Given these entries, repeat exactly the lines starting with the one that has "Multicolored jadeite necklace" and going on through the one that has "Gartensteckdose – Bild 4", both included, but none of the pictures.

Data
════

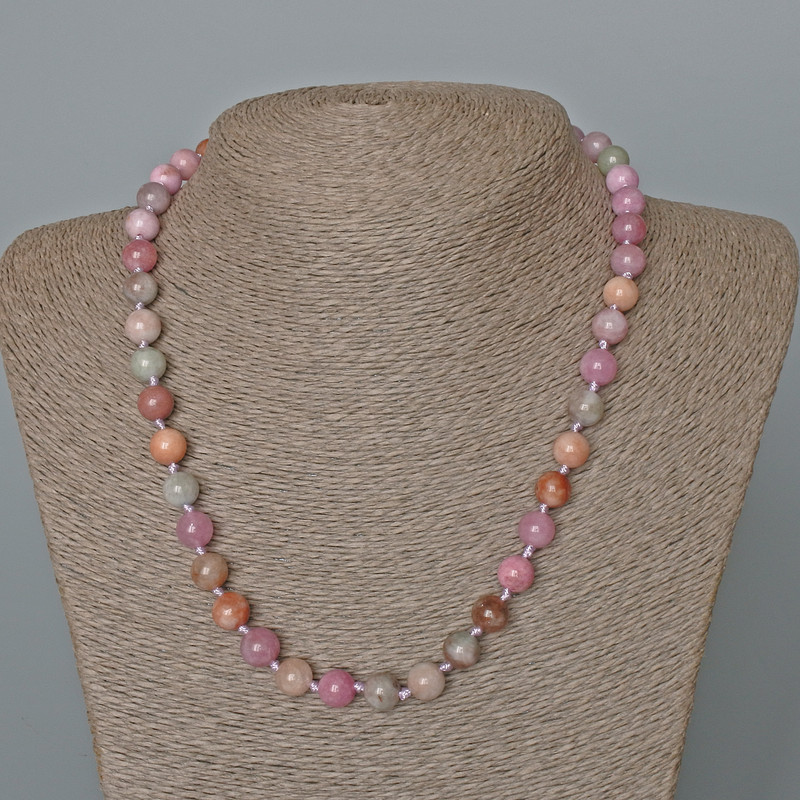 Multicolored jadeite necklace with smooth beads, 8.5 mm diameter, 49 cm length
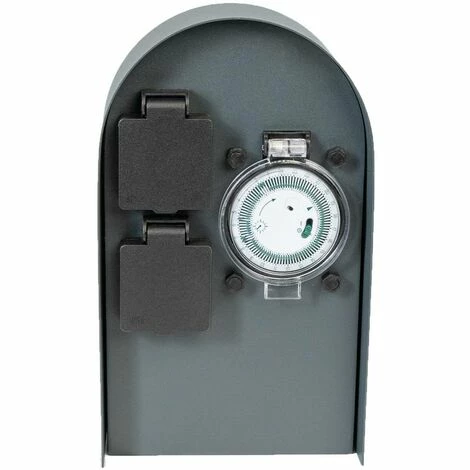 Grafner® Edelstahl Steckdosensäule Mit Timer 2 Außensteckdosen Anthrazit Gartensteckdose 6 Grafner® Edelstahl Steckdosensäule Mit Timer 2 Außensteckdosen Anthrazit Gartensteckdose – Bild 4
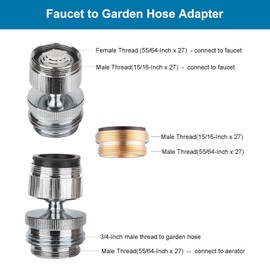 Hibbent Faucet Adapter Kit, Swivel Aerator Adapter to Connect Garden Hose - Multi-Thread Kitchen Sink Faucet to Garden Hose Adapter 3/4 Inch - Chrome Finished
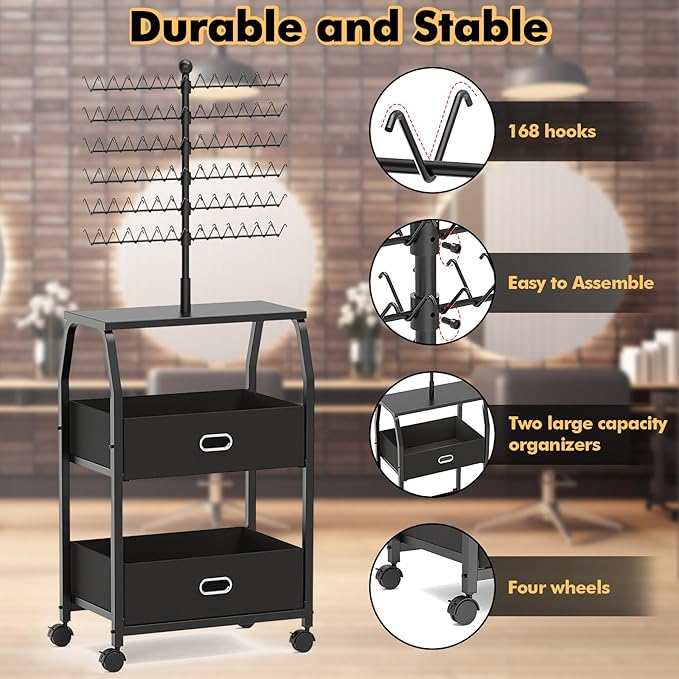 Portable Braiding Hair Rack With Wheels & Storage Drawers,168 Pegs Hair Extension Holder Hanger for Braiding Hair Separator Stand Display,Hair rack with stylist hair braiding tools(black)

════

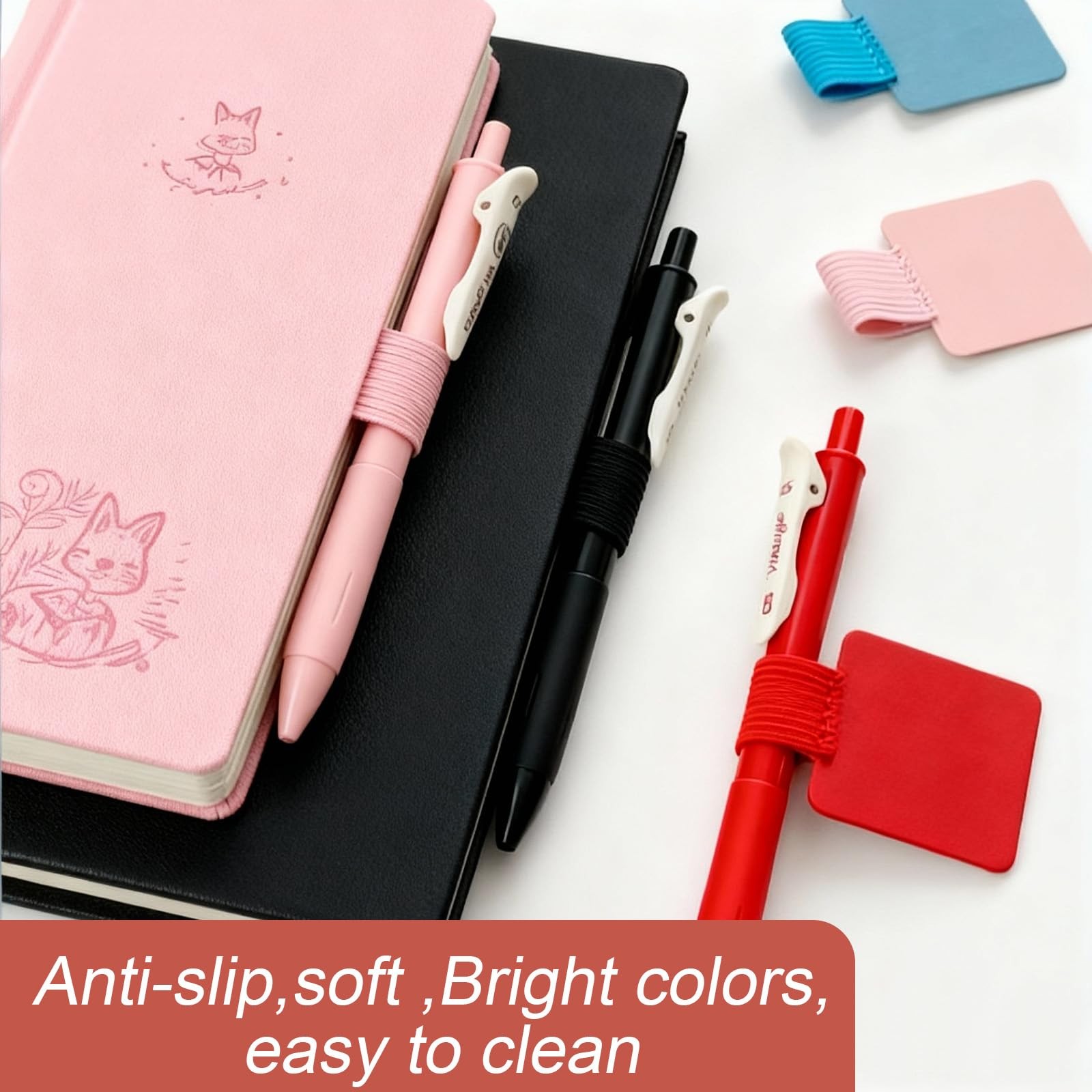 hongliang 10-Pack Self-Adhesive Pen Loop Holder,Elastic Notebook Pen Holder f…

════

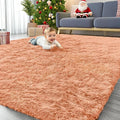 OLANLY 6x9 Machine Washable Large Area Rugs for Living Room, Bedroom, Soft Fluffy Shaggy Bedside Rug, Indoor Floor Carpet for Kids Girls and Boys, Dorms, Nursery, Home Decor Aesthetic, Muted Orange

════

Answer to this exercise
 Multicolored jadeite necklace with smooth beads, 8.5 mm diameter, 49 cm length
 Grafner® Edelstahl Steckdosensäule Mit Timer 2 Außensteckdosen Anthrazit Gartensteckdose 6 Grafner® Edelstahl Steckdosensäule Mit Timer 2 Außensteckdosen Anthrazit Gartensteckdose – Bild 4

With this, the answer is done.